(Data for analysis Opens)

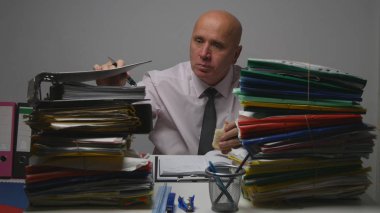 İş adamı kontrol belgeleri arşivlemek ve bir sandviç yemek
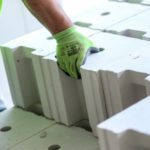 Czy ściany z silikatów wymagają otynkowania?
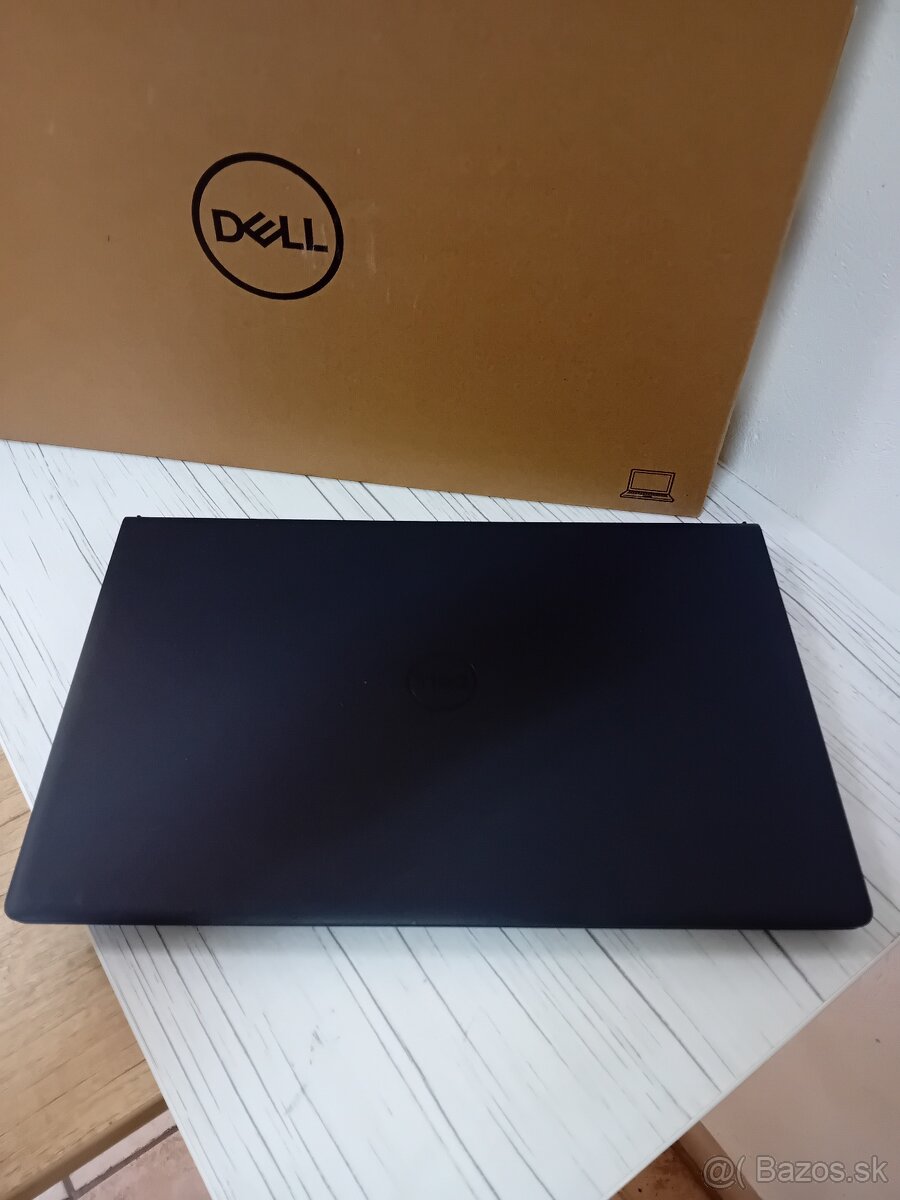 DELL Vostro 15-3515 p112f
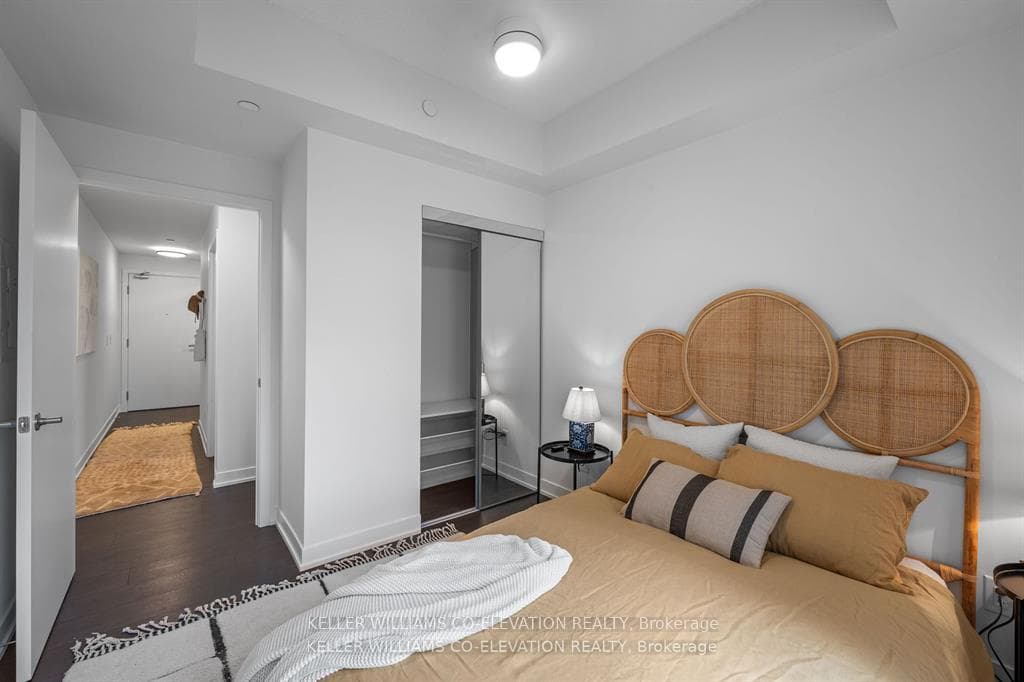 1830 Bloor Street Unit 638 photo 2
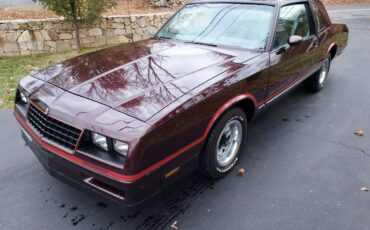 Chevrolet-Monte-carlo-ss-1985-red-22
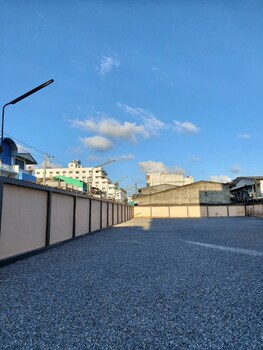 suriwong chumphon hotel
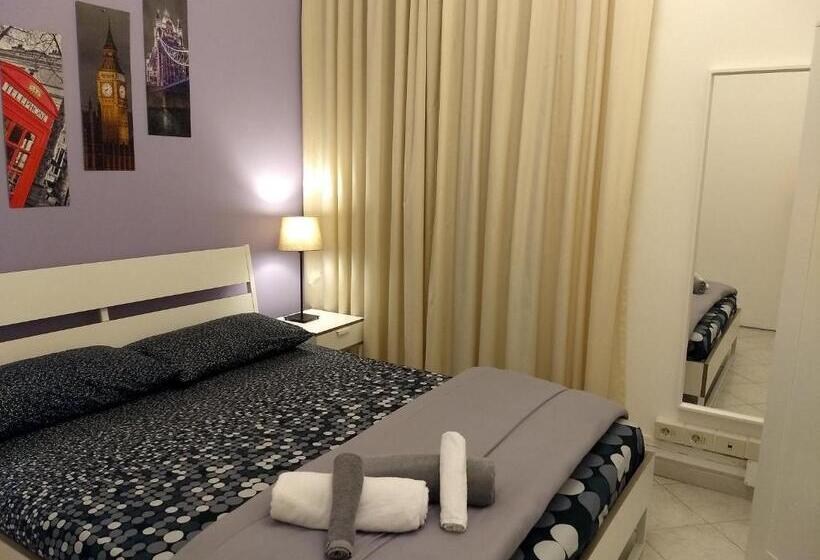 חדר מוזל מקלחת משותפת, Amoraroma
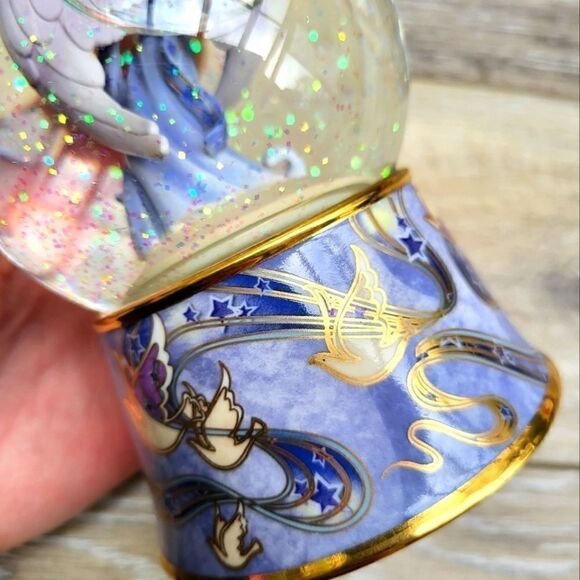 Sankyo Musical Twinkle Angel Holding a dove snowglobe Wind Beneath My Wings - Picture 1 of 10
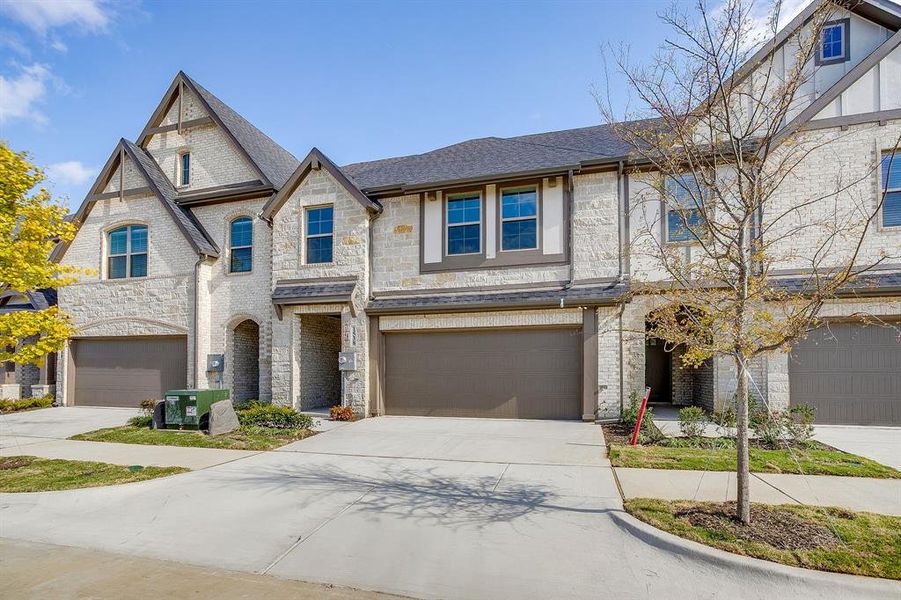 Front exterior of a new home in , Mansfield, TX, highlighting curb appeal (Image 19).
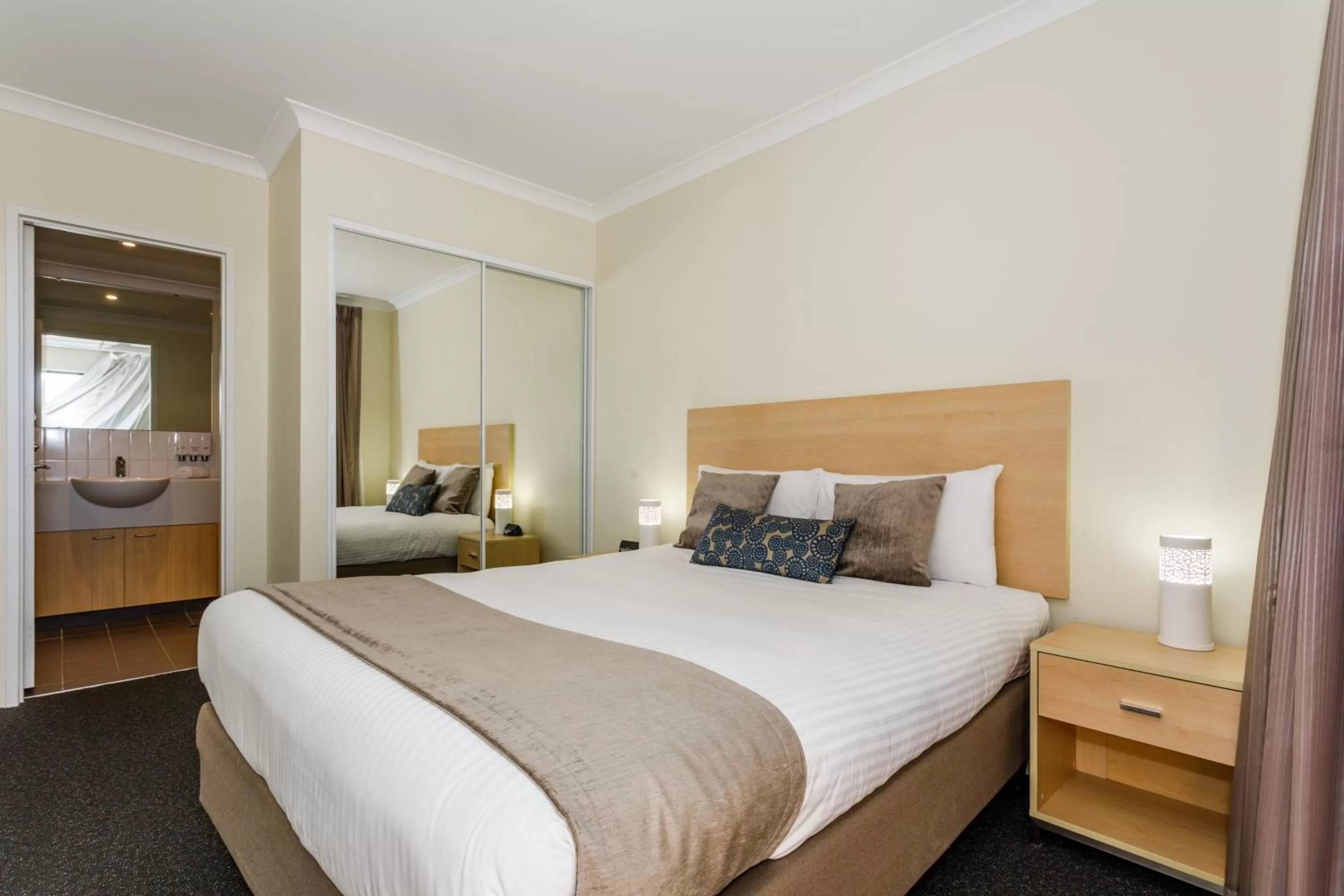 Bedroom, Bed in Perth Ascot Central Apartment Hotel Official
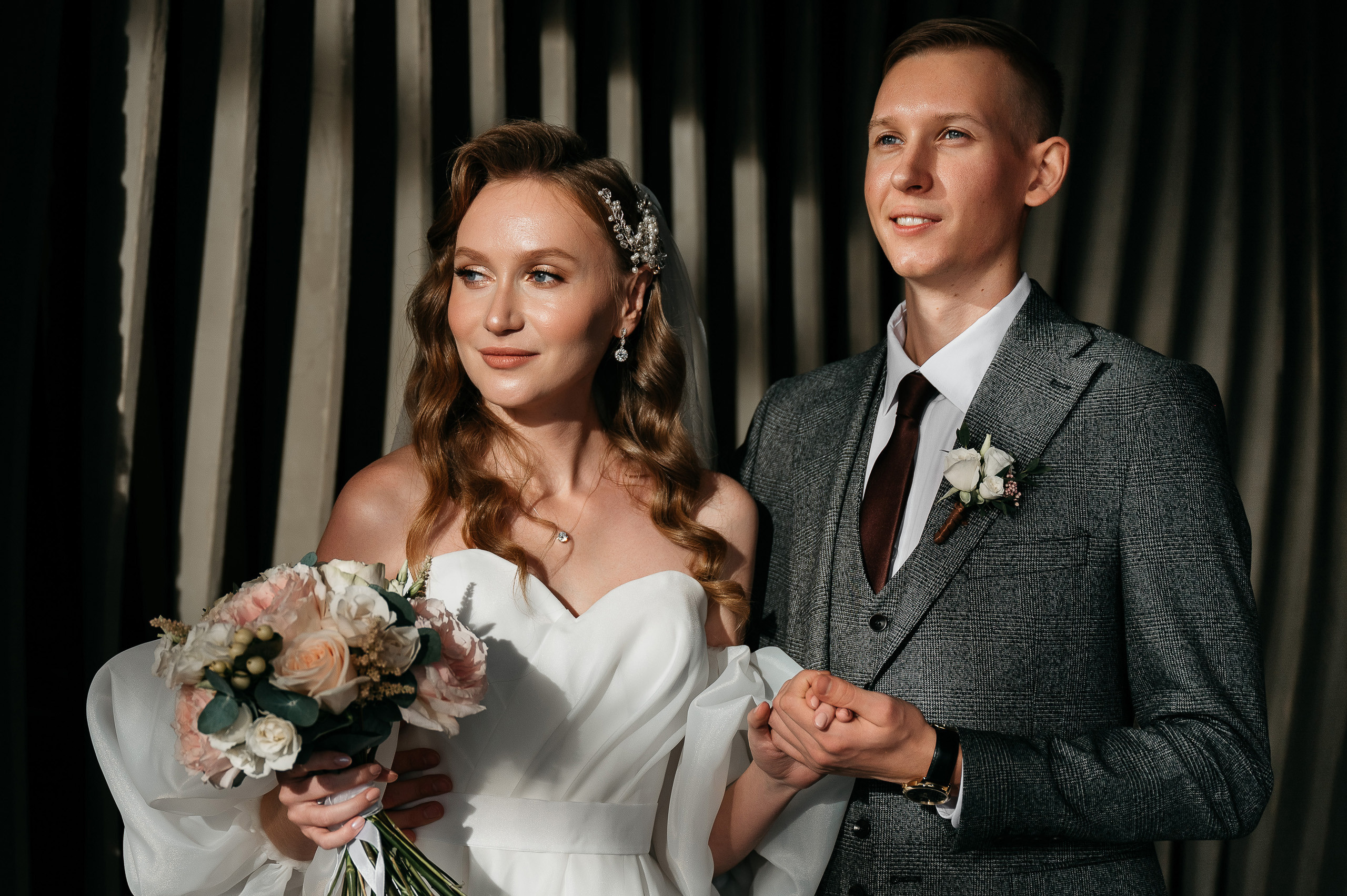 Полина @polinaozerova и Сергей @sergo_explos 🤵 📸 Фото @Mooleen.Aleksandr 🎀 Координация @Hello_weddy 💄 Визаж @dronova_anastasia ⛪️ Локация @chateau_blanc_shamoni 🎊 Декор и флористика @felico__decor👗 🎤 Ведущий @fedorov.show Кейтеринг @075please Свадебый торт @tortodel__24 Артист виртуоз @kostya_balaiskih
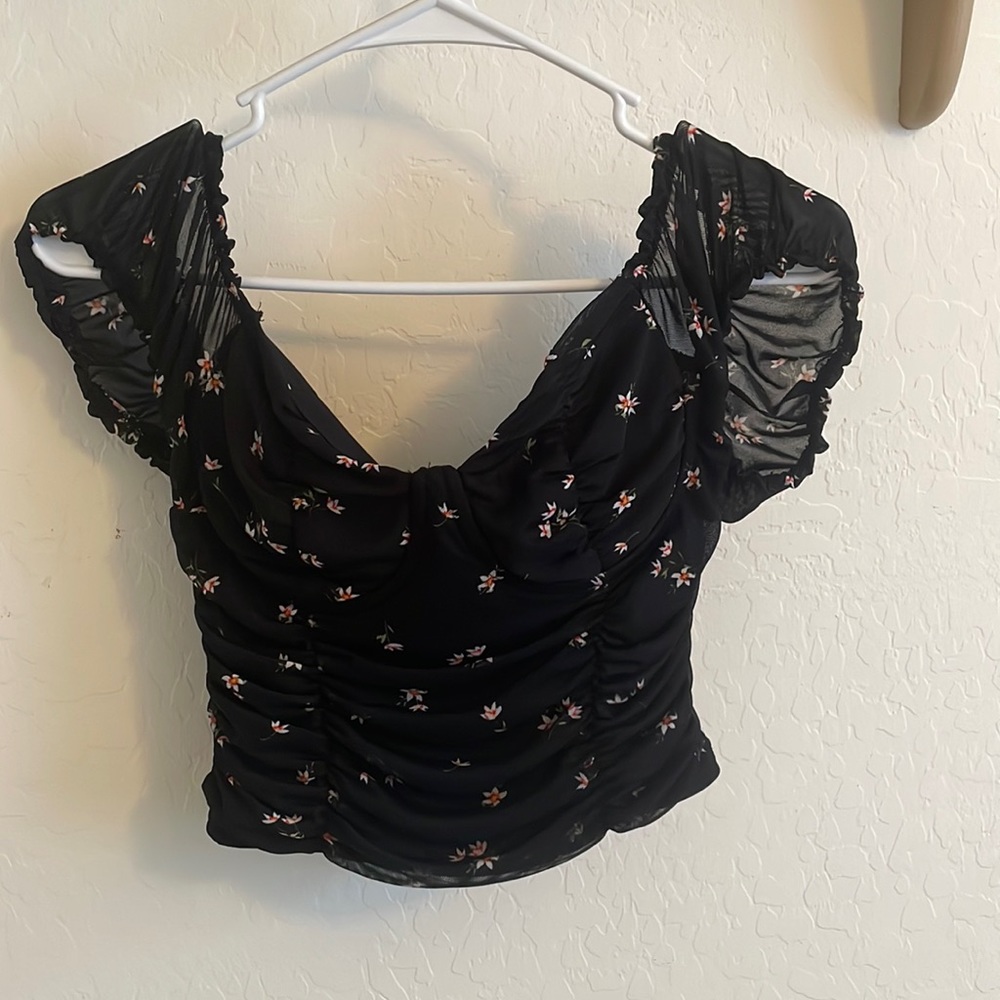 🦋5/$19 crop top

(Data for analysis Closes)

» Assignment
From the first line to the last, repeat the records above exactly, leaving out the pictures.

» Answer to this task
 İş adamı kontrol belgeleri arşivlemek ve bir sandviç yemek
 Czy ściany z silikatów wymagają otynkowania?
 DELL Vostro 15-3515 p112f
 1830 Bloor Street Unit 638 photo 2
 Chevrolet-Monte-carlo-ss-1985-red-22
 suriwong chumphon hotel
 חדר מוזל מקלחת משותפת, Amoraroma
 Sankyo Musical Twinkle Angel Holding a dove snowglobe Wind Beneath My Wings - Picture 1 of 10
 Front exterior of a new home in , Mansfield, TX, highlighting curb appeal (Image 19).
 Bedroom, Bed in Perth Ascot Central Apartment Hotel Official
 Полина @polinaozerova и Сергей @sergo_explos 🤵 📸 Фото @Mooleen.Aleksandr 🎀 Координация @Hello_weddy 💄 Визаж @dronova_anastasia ⛪️ Локация @chateau_blanc_shamoni 🎊 Декор и флористика @felico__decor👗 🎤 Ведущий @fedorov.show Кейтеринг @075please Свадебый торт @tortodel__24 Артист виртуоз @kostya_balaiskih
 🦋5/$19 crop top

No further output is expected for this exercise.